This decision followed the passage of pension reform legislation, achieved through a last-minute compromise between the ruling Liberal Democratic Party (LDP) and the Constitutional Democratic Party of Japan (CDPJ), the largest opposition party.
Japan’s ruling coalition has faced challenges in advancing legislation since losing its majority in the Lower House in the October 2024 general election. The LDP and its coalition partner, Komeito, are now aiming to retain their majority in the Upper House in the upcoming vote.
Prime Minister Ishiba Shigeru, who also serves as LDP President, recently directed the party to include in its election manifesto a cash handout of 20,000 JPY (140 USD) per person. Additional payments of 20,000 JPY would be considered for each child and for each adult in households exempt from residential tax.
The estimated budget for this initiative is 3 trillion JPY (20 billion USD). It would be funded from tax revenue, rather than relying on national bonds, which are already significantly in deficit.
Just ahead of the election, Prime Minister Ishiba also added to the LDP’s platform a pledge for Japan to raise its nominal GDP to 1 quadrillion JPY (7 trillion USD) by 2040, and to increase average income by more than 50% over the same period.

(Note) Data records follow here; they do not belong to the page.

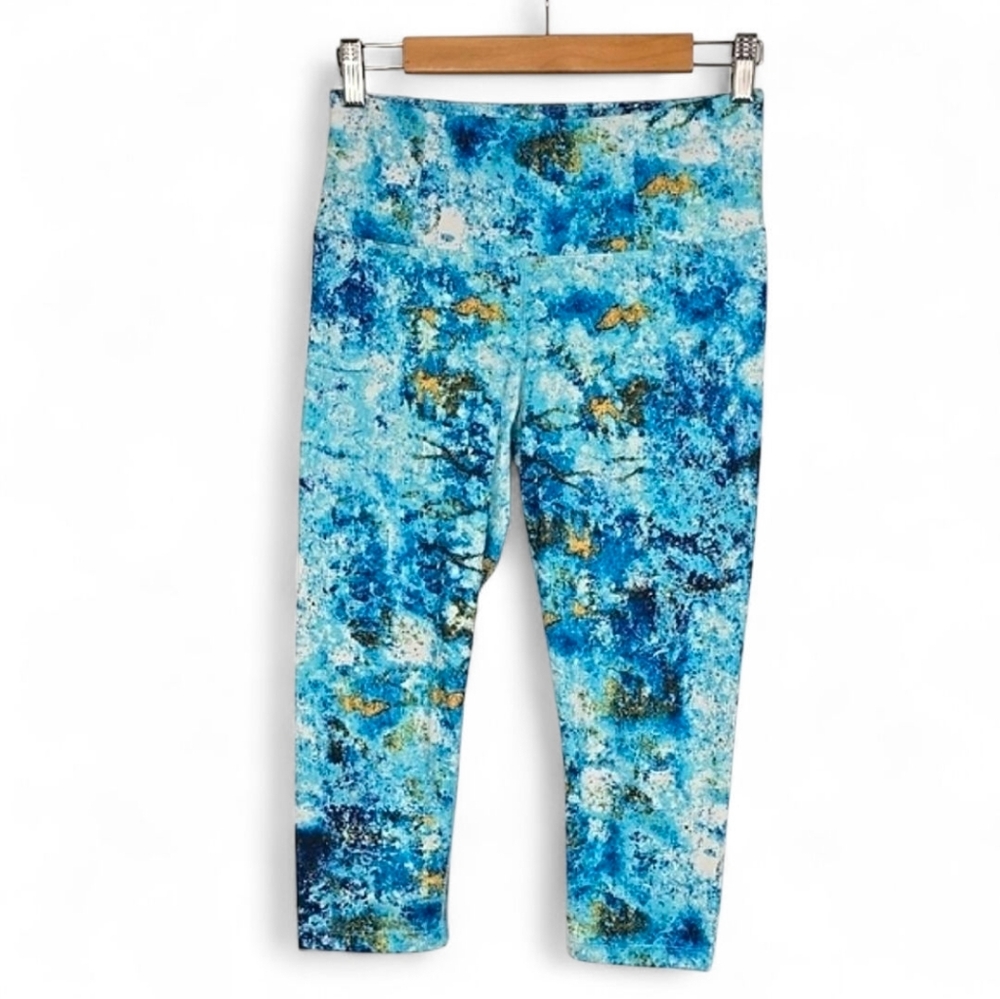 Manduka Women's Blue Gold Artistic Abstract Crop High Rise Leggings Size Medium
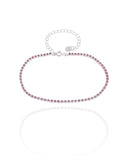 Pulseira Riviera Ametista 2 mm Ródio Branco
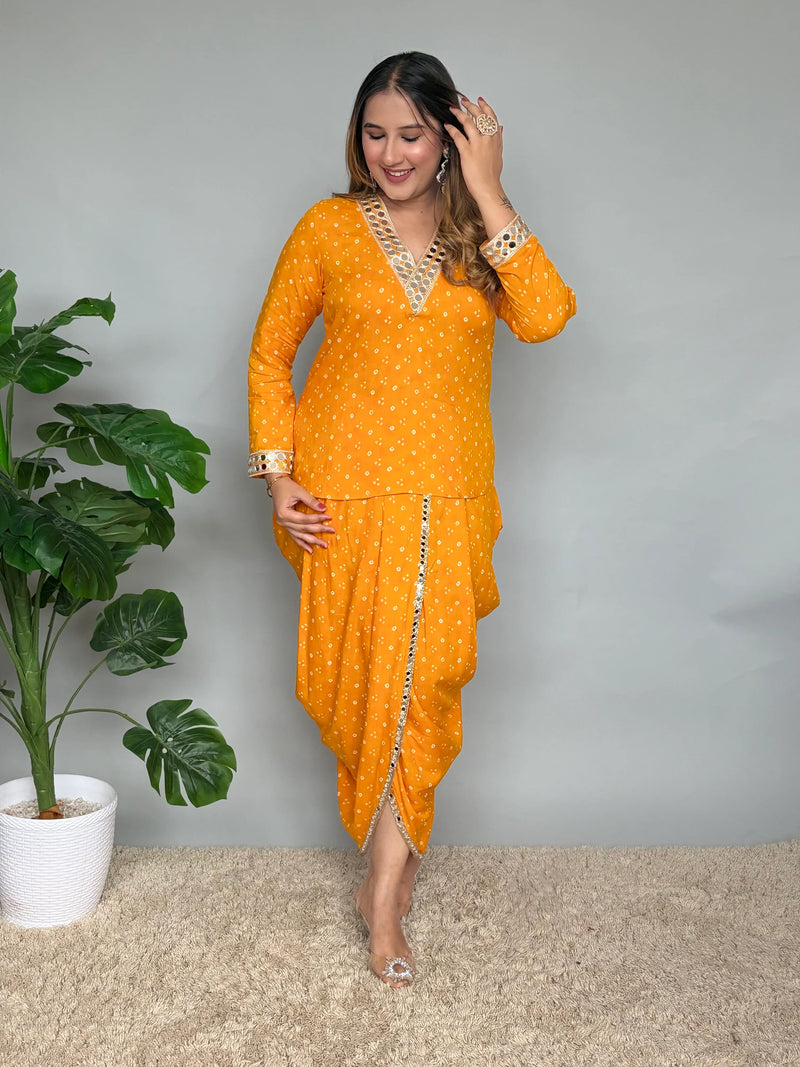 Yellow Rayon Bandhani Mirrorwork Skirt Set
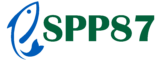 Poisson bleu suivit de "SPP87" écrit en vert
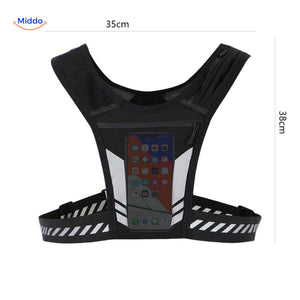 HydroRun Sporttas vest afmeting 35x38cm met reflectie www.middo.nl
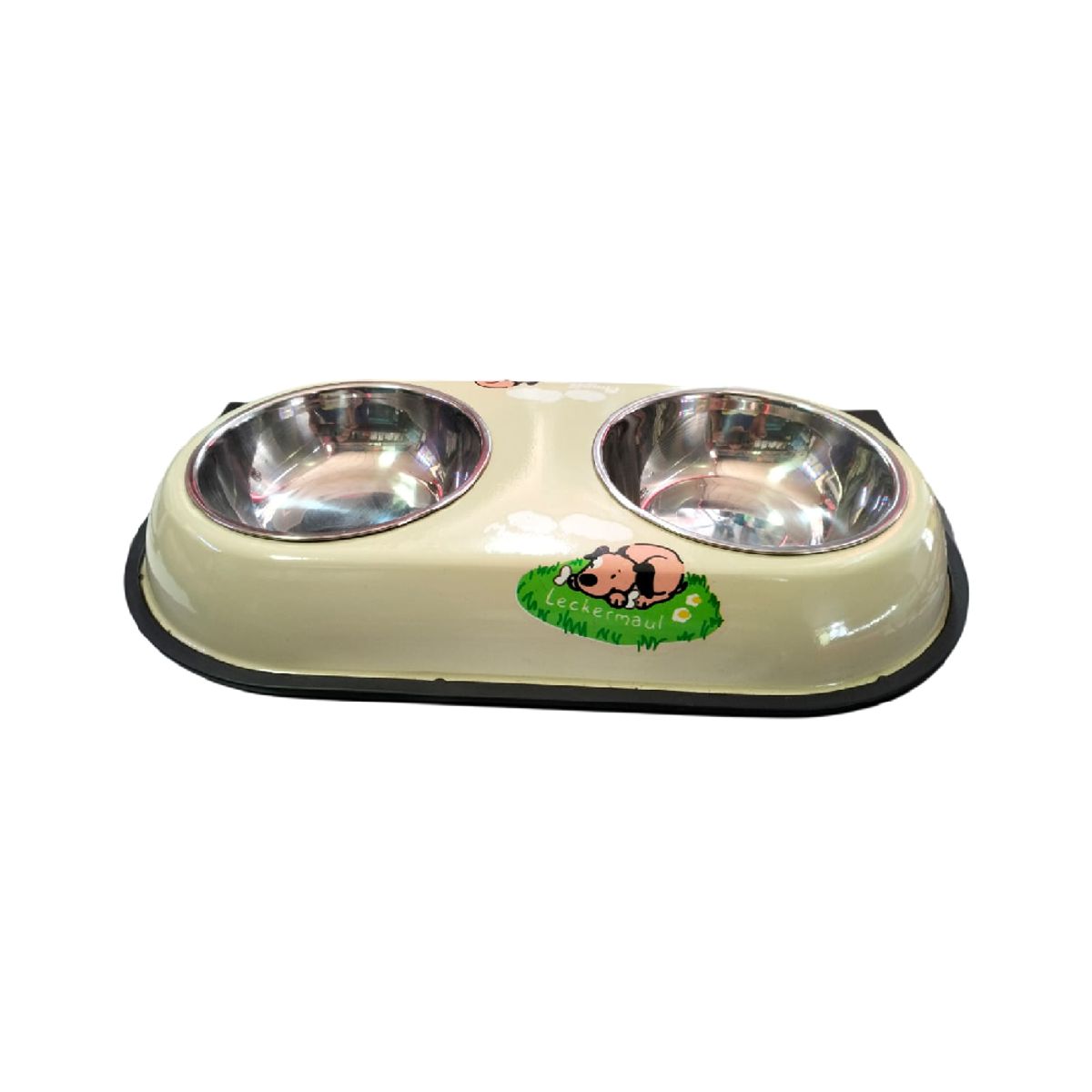 GENERICO - Plato doble color beige para mascotas perros o gatos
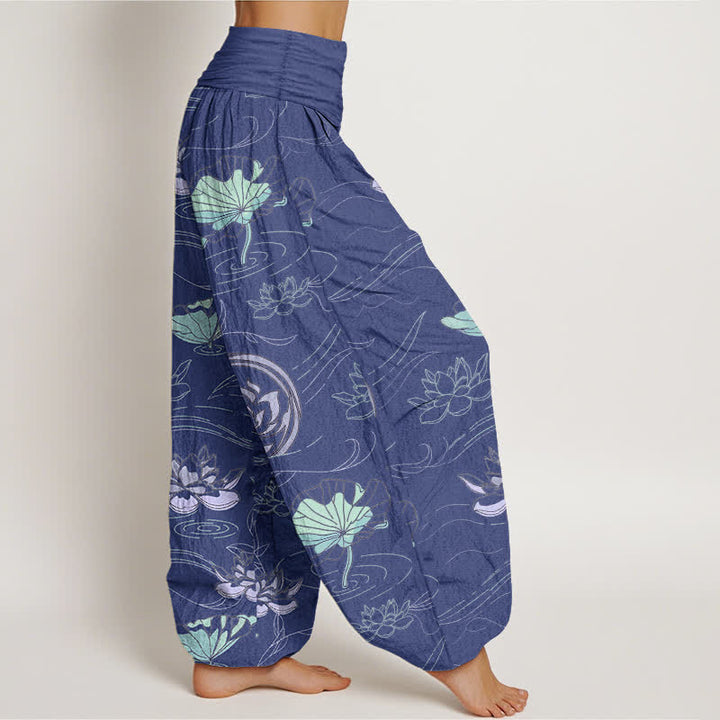 Buddha Stones Pantaloni harem da donna in cotone con motivo a onde di loto e vita elasticizzata - image 2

According to Ishiba, Japan must build a strong economy by prioritising wage growth that exceeds inflation. He asserted that three decades of cost-cutting measures are coming to an end and emphasised that wage increases are the foundation of the government's growth strategy.
Meanwhile, to address a sharp rise in rice prices—double those of last year—the government has pledged comprehensive measures. These include facilitating the distribution of government rice reserves and conducting a detailed review of rice paddy cultivation area policies to ensure a stable food supply.

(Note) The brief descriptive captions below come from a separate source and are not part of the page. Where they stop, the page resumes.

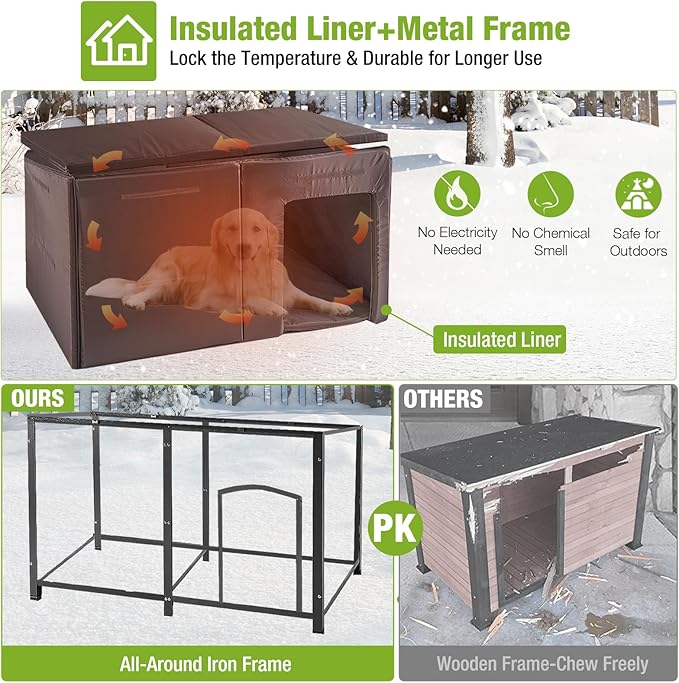 GUTINNEEN Dog House Insulated Outdoor Dog Kennel with Liner for Winter Extra Large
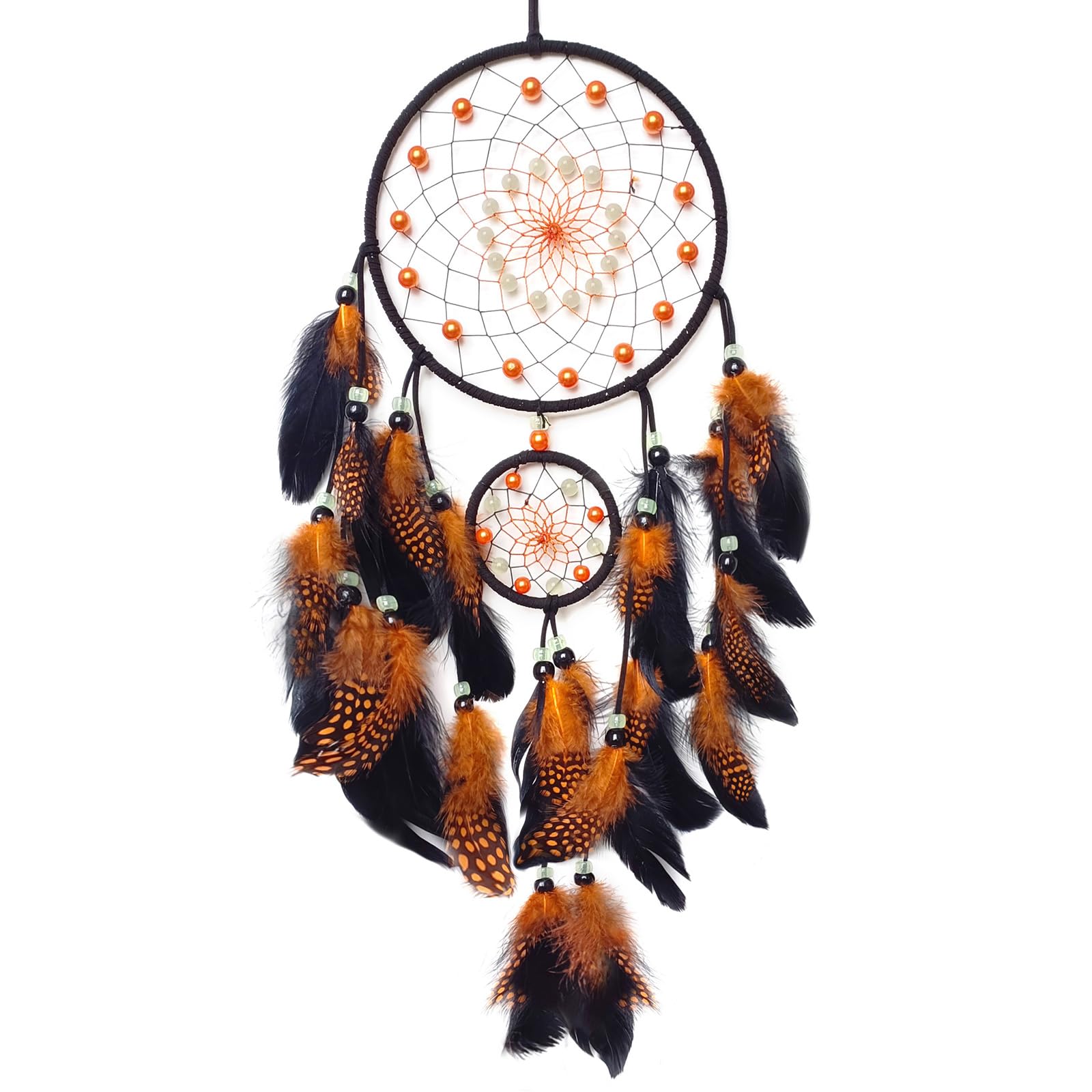 Donko Orange and Black Dream Catcher with Luminous Bead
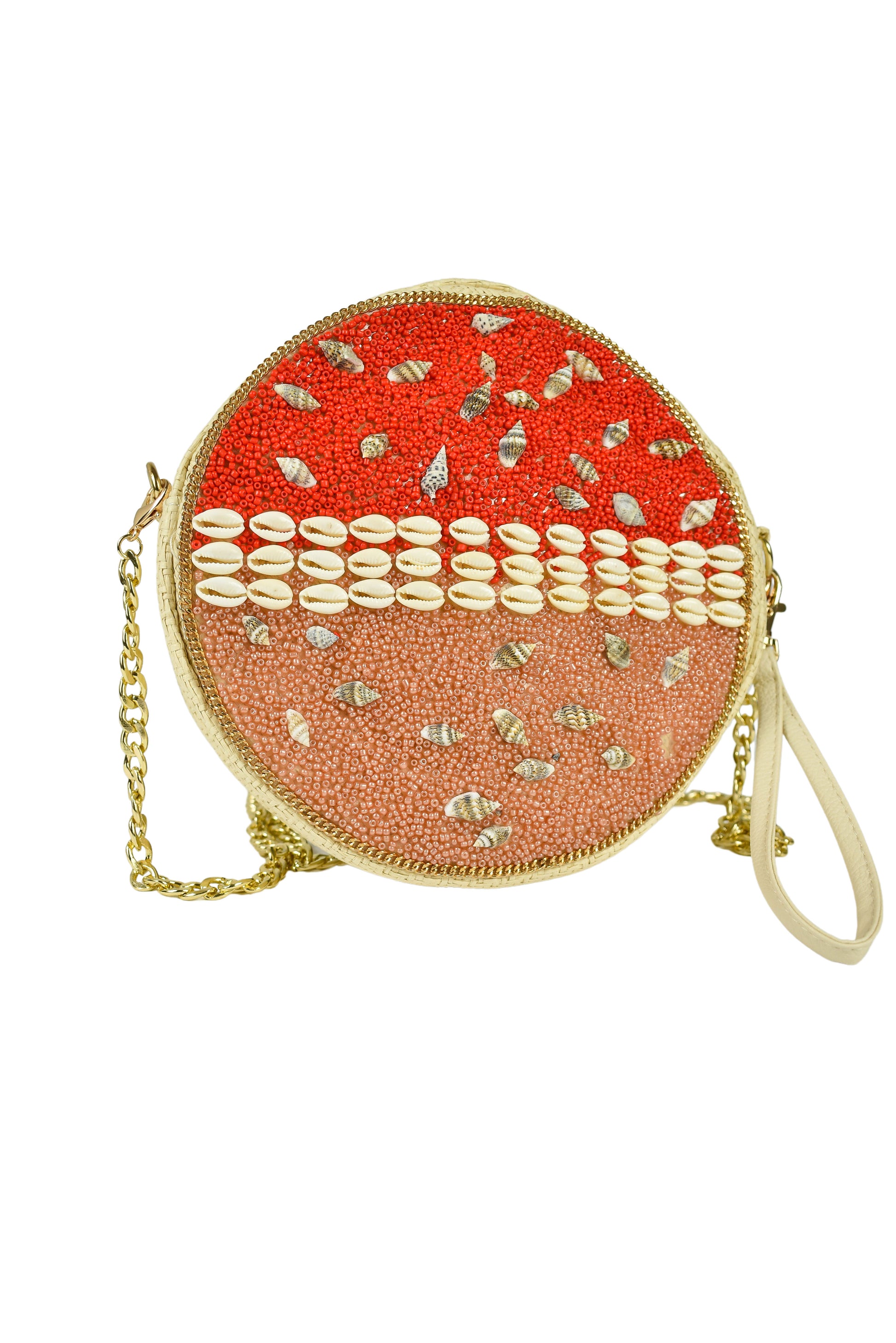 Pochette tonda conchiglie rossa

With this move, Prime Minister Ishiba is targeting one of Japan’s most deeply rooted and sensitive agricultural policies. In response to rising rice prices, he has signalled a willingness to reform Japan’s long-standing rice production adjustment policy, countering opposition parties’ populist proposals to cut consumption tax as a way to support household spending.

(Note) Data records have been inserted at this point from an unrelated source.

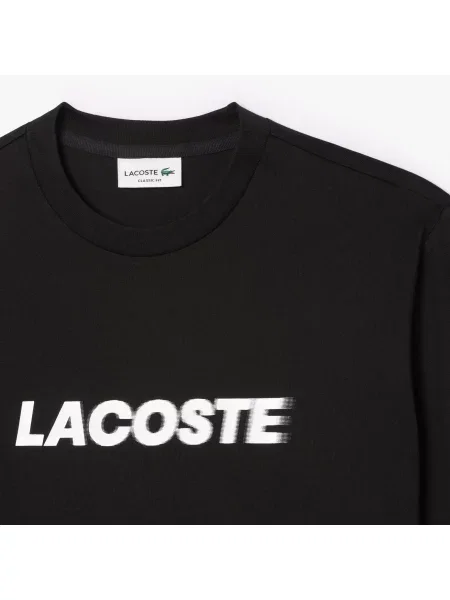 Lacoste Klasyczny Krój Gruba Koszulka Z Logo czarna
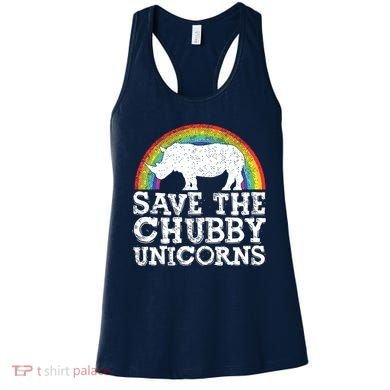 SAVE THE CHUBBY UNICORNS Gift Rhino Conservation Rainbow Women's Tank Top
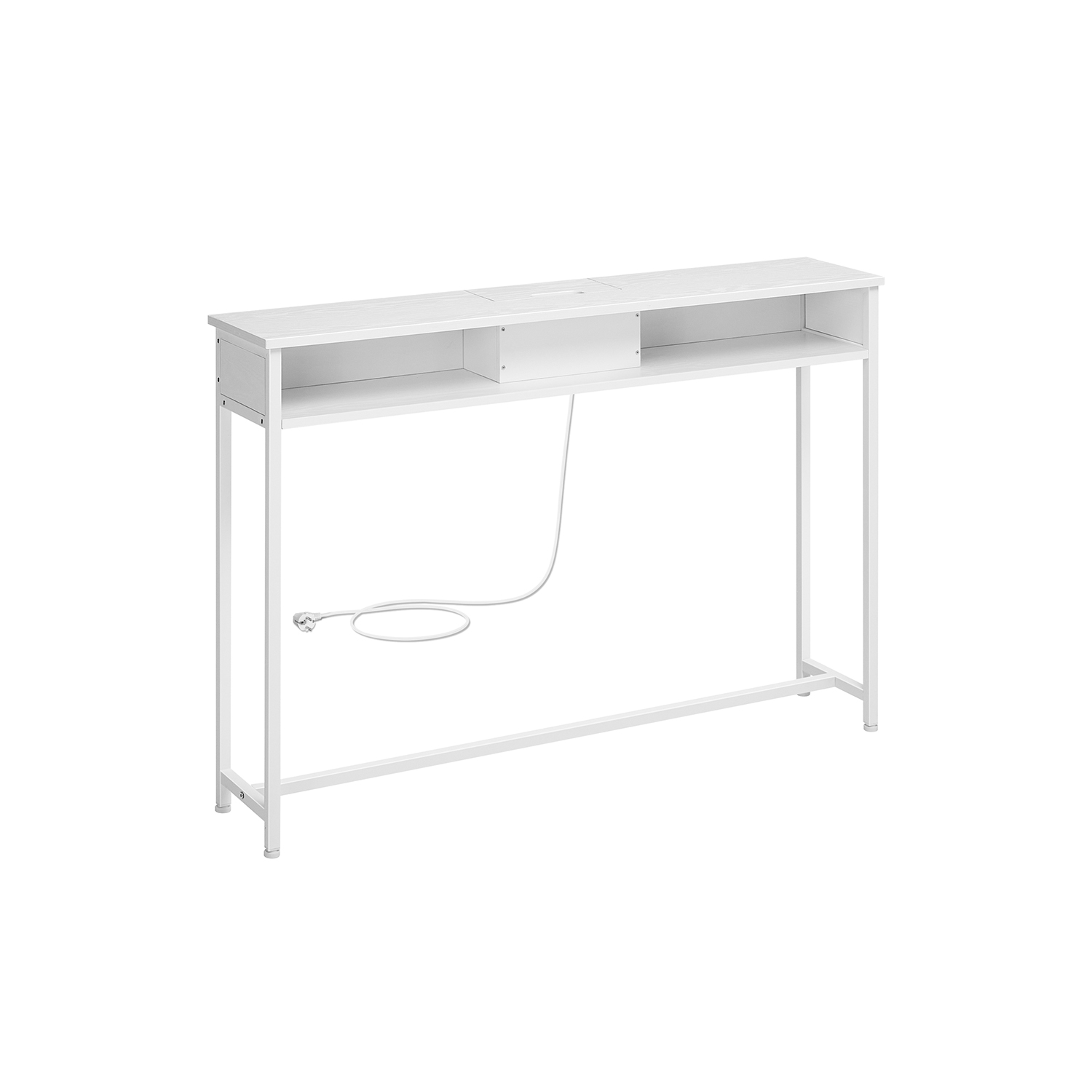 Konsoollaud pistikupesadega, lumivalge, 25 x 120 x 81,1 cm, 2 riiuliga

Ishiba opposes tax cuts, warning that such measures could undermine efforts to secure sufficient funding for social welfare and pension programmes, especially at a time when Japan’s fiscal health is one of the weakest among major economies.
In contrast, most opposition parties advocate reducing or eliminating consumption tax as a key measure in their platforms for the Upper House election.
The CDPJ, for example, proposes reducing the consumption tax on food to zero within one year, starting in April 2026, while introducing tax deductions combined with subsidies. The party also supports providing a 20,000 JPY cash handout per person until the tax reduction is implemented.
The Japan Innovation Party suggests temporarily abolishing the consumption tax on food until March 2027 and cutting social insurance premiums by 60,000 JPY annually for each working-age individual.
The fact that all political parties in Japan are prioritising measures to combat rising prices highlights the growing inflationary pressure on the world’s fourth-largest economy. These policy positions will also play a crucial role in shaping the outcome of the Upper House election.